Examining first the 21 transactions which occurred between September 1976 and December 1977, this court finds that the assessment of a retainage fee constituted a breach of the oral contract between the parties. Hirsch had dealt with Enright for a number of years and had never been charged a retainage fee. This fee was imposed without notification and without the knowledge of Hirsch. Hirsch had not agreed to the imposition of this charge and, indeed, it had never been discussed as a potential part of the agreement between the parties. Therefore, I find that defendant breached its contract with Hirsch by assessing the retainage fee.
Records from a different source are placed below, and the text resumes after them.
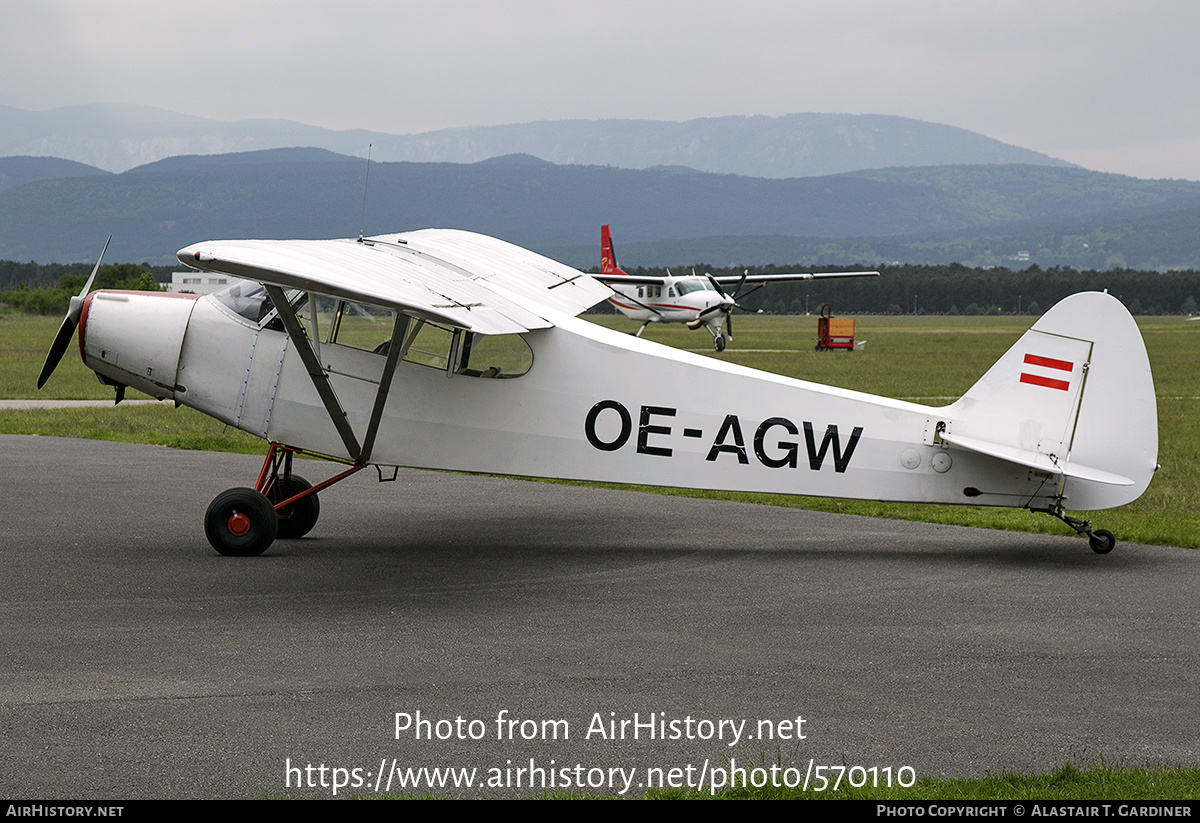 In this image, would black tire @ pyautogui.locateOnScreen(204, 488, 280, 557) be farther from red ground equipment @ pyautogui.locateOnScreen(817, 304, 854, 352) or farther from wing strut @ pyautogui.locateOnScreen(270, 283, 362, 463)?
red ground equipment @ pyautogui.locateOnScreen(817, 304, 854, 352)

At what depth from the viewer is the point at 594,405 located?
9.69 m

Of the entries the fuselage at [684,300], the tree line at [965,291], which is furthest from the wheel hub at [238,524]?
the tree line at [965,291]

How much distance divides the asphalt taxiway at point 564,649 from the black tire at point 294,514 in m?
0.13

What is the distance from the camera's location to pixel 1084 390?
30.3ft

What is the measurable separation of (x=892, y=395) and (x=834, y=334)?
1148 inches

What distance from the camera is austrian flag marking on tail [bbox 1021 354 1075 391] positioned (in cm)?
930

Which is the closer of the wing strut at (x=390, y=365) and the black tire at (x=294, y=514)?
the wing strut at (x=390, y=365)

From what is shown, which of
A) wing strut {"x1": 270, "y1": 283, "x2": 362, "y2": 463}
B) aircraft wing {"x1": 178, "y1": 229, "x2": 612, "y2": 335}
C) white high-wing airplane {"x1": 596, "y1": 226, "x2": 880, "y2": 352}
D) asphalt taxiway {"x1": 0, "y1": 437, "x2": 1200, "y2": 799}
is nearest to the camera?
asphalt taxiway {"x1": 0, "y1": 437, "x2": 1200, "y2": 799}

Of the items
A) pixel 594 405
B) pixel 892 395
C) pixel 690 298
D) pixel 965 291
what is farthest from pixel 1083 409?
pixel 965 291

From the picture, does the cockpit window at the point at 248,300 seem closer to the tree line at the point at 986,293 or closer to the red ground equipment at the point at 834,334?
the red ground equipment at the point at 834,334

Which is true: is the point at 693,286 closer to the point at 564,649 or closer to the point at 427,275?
the point at 427,275

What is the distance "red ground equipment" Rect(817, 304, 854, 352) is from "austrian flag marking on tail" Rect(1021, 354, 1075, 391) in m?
43.9

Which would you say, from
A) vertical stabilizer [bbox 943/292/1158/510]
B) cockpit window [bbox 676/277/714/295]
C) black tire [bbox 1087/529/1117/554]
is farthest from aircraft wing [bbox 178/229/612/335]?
cockpit window [bbox 676/277/714/295]

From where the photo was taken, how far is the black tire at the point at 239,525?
31.6 ft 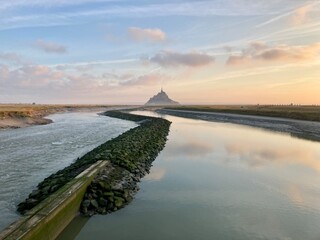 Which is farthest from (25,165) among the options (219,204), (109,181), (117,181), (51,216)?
(219,204)

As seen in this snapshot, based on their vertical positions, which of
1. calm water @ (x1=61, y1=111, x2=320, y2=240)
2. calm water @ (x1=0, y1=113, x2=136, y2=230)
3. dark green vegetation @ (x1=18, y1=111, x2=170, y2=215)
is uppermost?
dark green vegetation @ (x1=18, y1=111, x2=170, y2=215)

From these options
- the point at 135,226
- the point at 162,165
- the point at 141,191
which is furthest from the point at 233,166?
the point at 135,226

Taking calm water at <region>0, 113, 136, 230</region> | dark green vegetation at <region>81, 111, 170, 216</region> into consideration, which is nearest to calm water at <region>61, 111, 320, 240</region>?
dark green vegetation at <region>81, 111, 170, 216</region>

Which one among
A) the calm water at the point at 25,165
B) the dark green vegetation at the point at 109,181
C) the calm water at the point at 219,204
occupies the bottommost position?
the calm water at the point at 25,165

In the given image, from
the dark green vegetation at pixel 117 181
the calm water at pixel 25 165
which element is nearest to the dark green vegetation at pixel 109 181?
the dark green vegetation at pixel 117 181

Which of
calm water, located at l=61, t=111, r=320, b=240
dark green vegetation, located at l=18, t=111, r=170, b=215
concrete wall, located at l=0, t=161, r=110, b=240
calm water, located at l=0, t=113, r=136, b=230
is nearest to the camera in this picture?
concrete wall, located at l=0, t=161, r=110, b=240

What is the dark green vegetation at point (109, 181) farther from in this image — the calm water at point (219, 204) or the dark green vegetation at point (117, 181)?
the calm water at point (219, 204)

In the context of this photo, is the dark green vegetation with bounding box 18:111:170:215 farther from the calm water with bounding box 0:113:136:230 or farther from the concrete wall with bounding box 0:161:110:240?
the calm water with bounding box 0:113:136:230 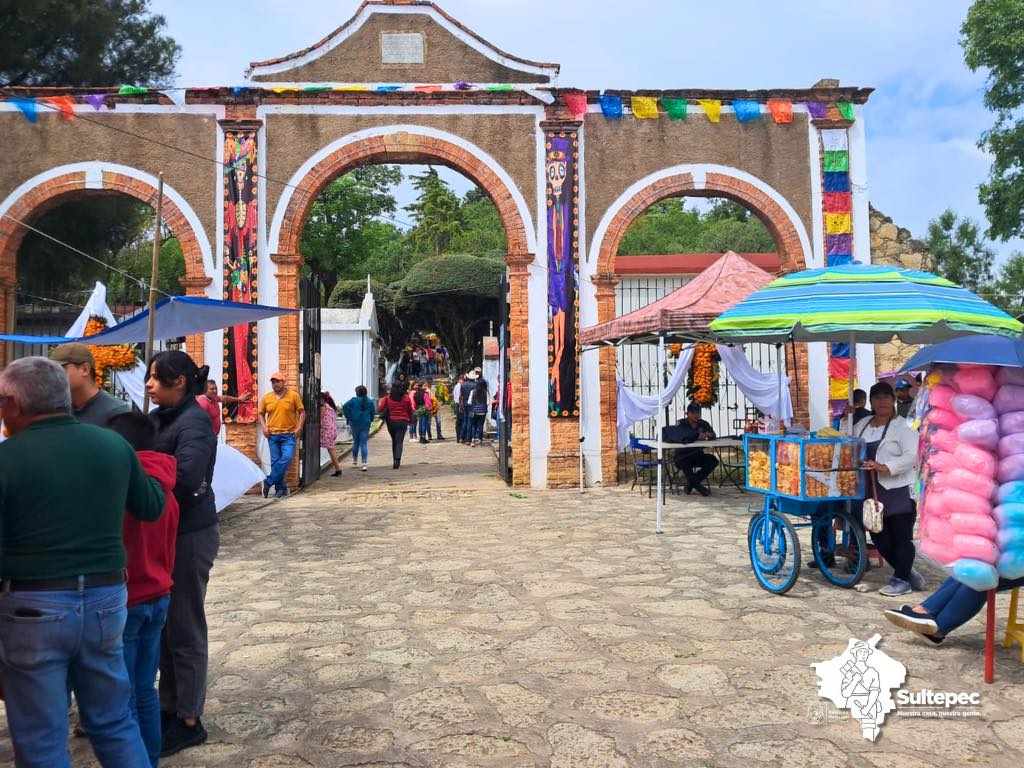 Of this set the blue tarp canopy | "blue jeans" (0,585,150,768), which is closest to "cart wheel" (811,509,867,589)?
the blue tarp canopy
Under New Jersey law, the following elements must be proven to establish a prima facie case of fraudulent misrepresentation (1) a material misrepresentation of a presently existing or past fact; (2) knowledge of the falsity by the person making the misrepresentation; (3) intent that the misrepresentation be relied on; (4) reliance on the misrepresentation; and (5) damage to the party who relied on the misrepresentation. Jewish Center of Sussex County v. Whale, 86 N.J. 619, 624, 432 A.2d 521 (1981). Using these elements as the relevant criteria, I find that defendant fraudulently misrepresented its charges to Hirsch during the 1976 through 1977 period. During that period Hirsch acted on the presumption that Enright's charges had not changed since it had not been notified of any change. Enright's failure to disclose the retainage fee is a misrepresentation by omission. See -- Weintraub v. Krobatsch, 64 N.J. 445, 455, 317 A.2d 68 (1974). In addition, Enright acted affirmatively to conceal the assessment of the fee by listing the contents of the shipments in the report letters as the amount after deduction of retainage. By these acts Enright intended that Hirsch be deceived into sending gold scrap to defendant for refining and that Hirsch be deceived into accepting in payment an amount less than that contracted for. Hirsch did rely on Enright's representations and omissions and was thereby harmed. Therefore, I find that Enright is liable to Hirsch for fraudulent misrepresentation as to the transactions occurring between September 1976 and December 1977.